Match the right upper quadrant (RUQ) ultrasound result most consistent with the clinical presentation.
- A 56-year-old, white man with a history of tobacco abuse, hypertension, recent unintentional 80-lb weight loss, and squamous cell cancer of the lung presents with a 24-hour history of right upper quadrant (RUQ) abdominal pain, nausea, and vomiting. He has had similar pains over the past 2 weeks, mostly after eating, but they had resolved spontaneously. The patient denies fever and chills. His temperature is 36.7° C. Physical examination findings are significant for scleral icterus and RUQ tenderness to palpation. Significant laboratory findings include white blood cells = 7800, total bilirubin = 6.8, conjugated bilirubin = 5.6, and alkaline phosphatase = 670. (SELECT 1 RESULT)
13-B. This patient is presenting with choledocholithiasis most likely related to cholesterol stones formed in the gallbladder caused by his rapid weight loss. Therefore one would expect to see common duct distension caused by the cholesterol stone. In addition, one might expect to find evidence of stone formation in the gallbladder, such as another stone or sludge.
- A 53-year-old, morbidly obese, white woman with a history of diabetes presents with a 36-hour history of worsening crampy midepigastric and right upper quadrant (RUQ) abdominal pain.
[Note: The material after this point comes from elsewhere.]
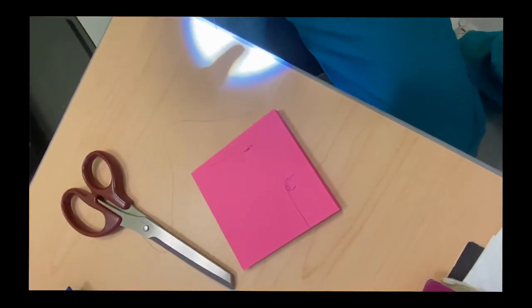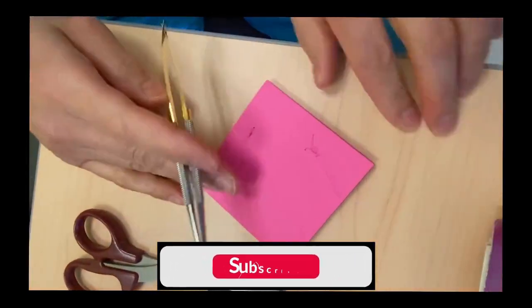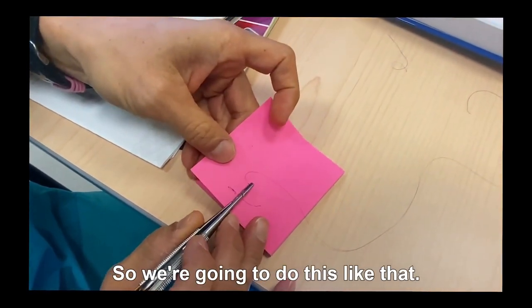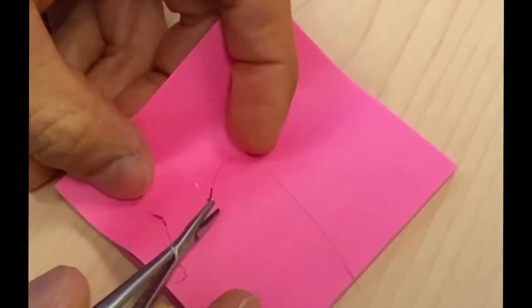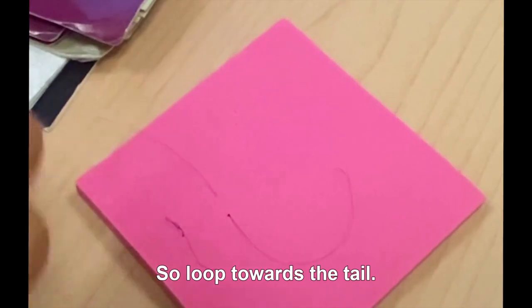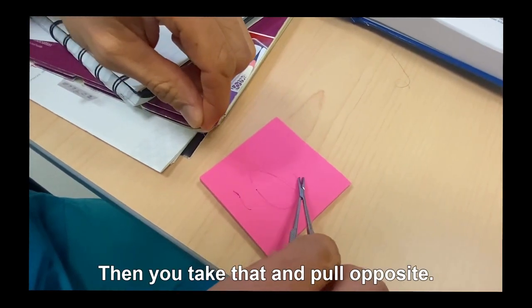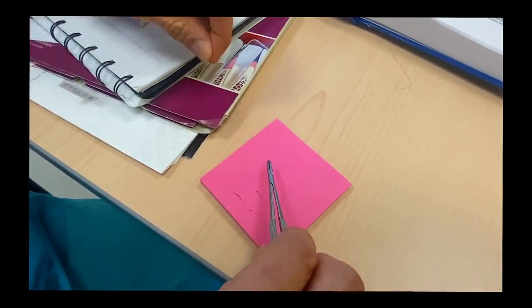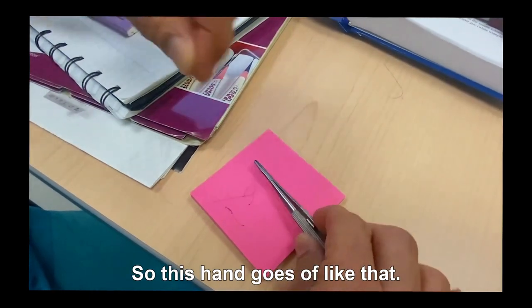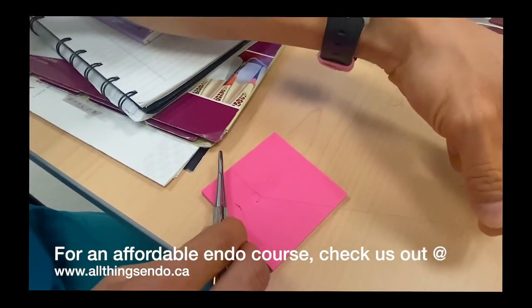A lot of people don't think about the difference — you just think you're tying whatever, but that's not the difference. Let me try again. So loop towards the tail — yeah, okay, that's right — and then take that and pull opposite. Pull opposite, so this hand goes up, like that. Oh wait — I went behind before, went in front.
She claims the pain was initially bad only after meals but has since become constant. She also complains of nausea, vomiting, and fever. Her temperature is 38.5° C. Her physical examination is significant for anicteric sclera, RUQ pain, and inspiratory arrest with deep palpation in the RUQ. Significant laboratory findings include white blood cells = 14,000, K+= 3.3, Cl- = 96, CO2 = 30, total bilirubin = 1.1, and alkaline phosphatase = 64. (SELECT 1 RESULT)
14-A. This patient is presenting with classic acute cholecystitis. Characteristic findings of acute cholecystitis on right upper quadrant (RUQ) ultrasound could reveal gallstones, a distended gallbladder, pericholecystic fluid, and thickening of the gallbladder wall.
- A 58-year-old, diabetic, African-American man with a history of hypertension and hypercholesterolemia presents with a 48-hour history of progressively worsening constant right upper quadrant (RUQ) pain, fever, nausea and vomiting. Vital signs include: temperature, 39.1° C; pulse, 120/min; blood pressure, 100/59 mm Hg; respiration, 21/min. Physical examination is significant for icteric sclera and RUQ tenderness. Significant laboratory findings include white blood cells = 17,000; alkaline phosphatase = 670; total bilirubin = 7.8; conjugated bilirubin = 6.5; aspartate aminotransferase (AST) = 350; alanine aminotransferase (ALT) = 390; and amylase = 45. (SELECT 1 RESULT)
15-B. This patient is presenting with cholangitis. Characteristic findings include fever; right upper quadrant (RUQ) pain; icteric sclera (Charcot's triad); and elevated bilirubin, alkaline phosphatase, and transaminases. The RUQ ultrasound should show evidence of biliary obstruction, the dilated ducts. The ultrasound picture of cholangitis and choledocholithiasis are very similar but the clinical picture can easily separate the two. The most likely cause of cholangitis in this setting is choledocholithiasis.